Weiter, es sind viele Rätsel zu lösen
Es geht treppauf und treppab, von Raum zu Raum, eine lange Strecke unter einem wunderbaren Glasdach entlang, das nach Umbau und Erweiterung des Museums seit 1997 Gebäude aus dem Mittelalter, der Neuzeit und der Moderne zum Gesamtkomplex des Museums verbindet. Es sorgt für viel Licht und auch wechselnde Ausblicke in die Stadt. Wir schauen auf den Turm der gotischen Kilianskirche und auf den Treppengiebel des ältesten Museumsteils, dem Steinhaus aus dem 14. Jahrhundert, das früher ein Lagerhaus war und in dem heute die Geschichte der Hanse erzählt wird.
„Schau mal, Papa, hier sind sechs Schwerter!“ und „Da ist ja ein ganzes Skelett“ und „Wo ist der Bildschirm für das Quiz?“ und „Lass mich auch mal durchs Fernglas gucken!“ und „Das fühlt sich an wie ...“

Anhand der Rallye geht es durch alle für die Stadt wichtigen Bereiche: Geschichte, Politik, Handwerk, Industrie, Bergbau. Wir begegnen Dinosauriern, barocken Gemälden, Möbeln des Fabrikanten Mauser, Öfen aus Eisen, historischen Waffen, Werk- und Fahrzeugen, Hochgeschwindigkeitsfahrradreifen – und Gold!
Der Abbau von Kupfer, Eisen und Gold, so lernen wir, spielte eine große Rolle in der Gegend. Der Korbacher Eisenberg war fünf Jahrhunderte lang das Ziel von Goldsuchern aus ganz Deutschland. Ein Modell in der Bergbauabteilung, natürlich im Keller des Museums, zeigt einen über 50 Meter tief in den Berg getriebenen Schacht in Miniatur. „Gruselig, so viele Leitern tief in die Erde runter zu klettern …“ Heute steigt niemand mehr zum Goldabbau in den Berg. Zwar gibt es noch große Goldvorräte, aber das Gold ist nur unter unglaublichem Aufwand und hohen Kosten vom Stein zu trennen. Es sitzt ganz fein, wie eine Flechte, auf den Gesteinsschichten. Das sehen wir uns selbst an, mit einer über einer Steinplatte verschiebbaren Lupe.

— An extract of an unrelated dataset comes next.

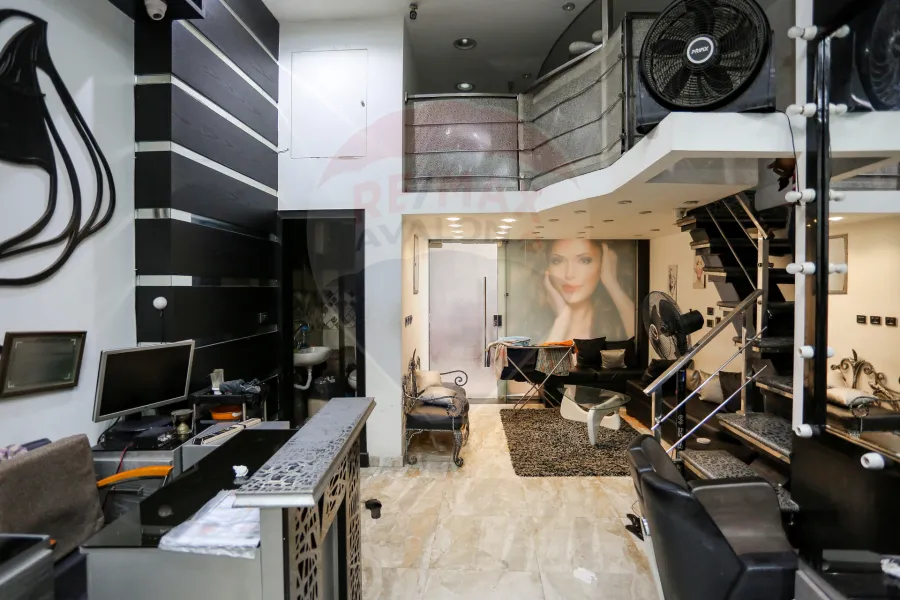 Shop + up floor for Sale 40 m Janaklis (Mortada St)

Wieder im Foyer angekommen, tauschen wir die Lösungswörter aus der Rallye gegen eine Überraschung ein. Dann krempeln wir die Ärmel hoch, um … selbst Gold zu waschen, angeleitet von netten Mitarbeiterinnen und Mitarbeitern und dem Museumsleiter höchstpersönlich. Es wird nass und richtig aufregend. Schalen mit Rillen müssen in eine Wanne mit Wasser und Kies getaucht werden, dann wird geschüttelt und gewackelt und geschöpft und gewaschen. Am Ende haben unsere Pinzetten zwar nur Katzengold aus dem Kies gefischt, aber das tragen wir dennoch stolz in kleinen Röhrchen nach Hause.

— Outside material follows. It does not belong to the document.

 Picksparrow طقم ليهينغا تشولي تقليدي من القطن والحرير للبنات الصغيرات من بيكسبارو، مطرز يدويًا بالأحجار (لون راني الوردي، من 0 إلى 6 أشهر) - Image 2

Bei einem Eis werten wir den Museumsbesuch aus: Für Kinderfreundlichkeit geben wir fünf von fünf Punkten. Für Spannung, Lernfaktor und Spaß auch die volle Punktzahl. Die Rallye finden wir etwas lang, da mussten auch Räume durchquert werden, die für Kinder nicht so interessant sind. Abzüge hierfür. Die Kinder empfehlen das Museum auf jeden Fall anderen Familien und Schulklassen. Auch eine Führung ist vorstellbar, vorausgesetzt die Person erzählt gute Geschichten. 30.000 Ausstellungsstücke und 1.700 m² Ausstellungsfläche sind viel, aber wir haben das kaum gemerkt, denn die Räume sind gut gestaltet und abwechslungsreich. Ein Extrapunkt hierfür. Das Highlight? Die Goldwasch-Aktion! Aber Achtung: Für unseren Test wurde eine Ausnahme gemacht. Goldwaschen ist sonst nur im Rahmen der Führung „Auf den Spuren der Goldsucher“ oder bei Buchung eines Kindergeburtstags im Museum möglich. Meldet euch also an.

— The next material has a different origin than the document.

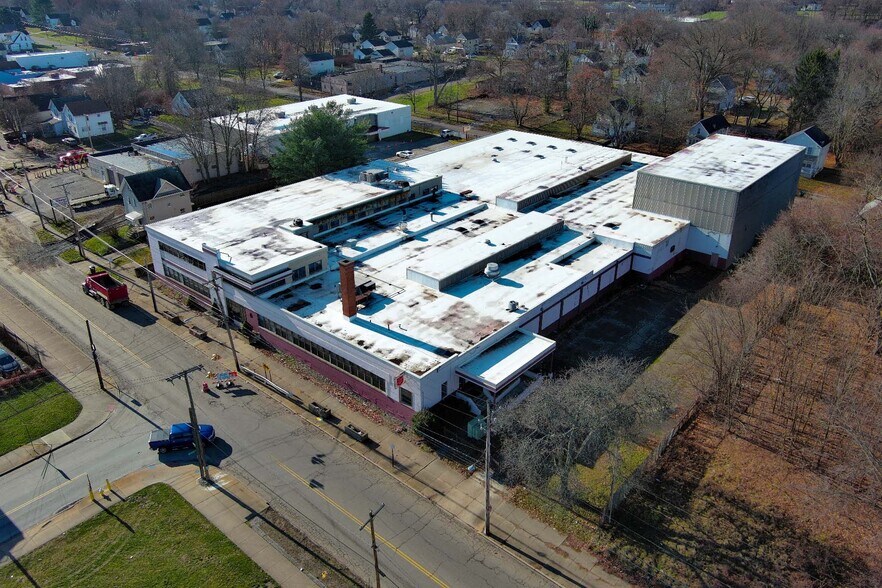 1018 Grant St, Akron, OH à vendre - Aérien – Image 2 sur 8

Am Schluss vergeben wir noch eine Schulnote für das Museum Korbach: es verdient eine 2+, vielleicht auch eine 1-.

Alles wichtige für deinen Ausflug
Diese Eigenschaften bietet dir diese Route:
Anreise
Zum Beispiel stündlich mit der RB4 von Kassel-Wilhelmshöhe nach Korbach Hauptbahnhof, auch am Wochenende. Fahrtzeit ab Kassel 1 Stunde und 16 Minuten. Weiter durch die Fußgängerzone, am Rathaus vorbei zum Museum. Fußweg: ca. 15 Minuten. Ihr könnt euch am Turm der Kilianskirche orientieren. Aber Vorsicht! Es gibt zwei große Kirchtürme. Achtet in der Fußgängerzone also zusätzlich auf die Schilder „Museum“.
Adresse
Wolfgang-Bonhage-Museum
Korbach Kirchplatz 2
34497 Korbach
Tipps
- Es gibt viele Mitmachstationen im gesamten Museum. Damit Kinder diese Angebote schneller finden, sind sie alle leuchtend gelb gekennzeichnet. Anfassen und Ausprobieren ausdrücklich erlaubt!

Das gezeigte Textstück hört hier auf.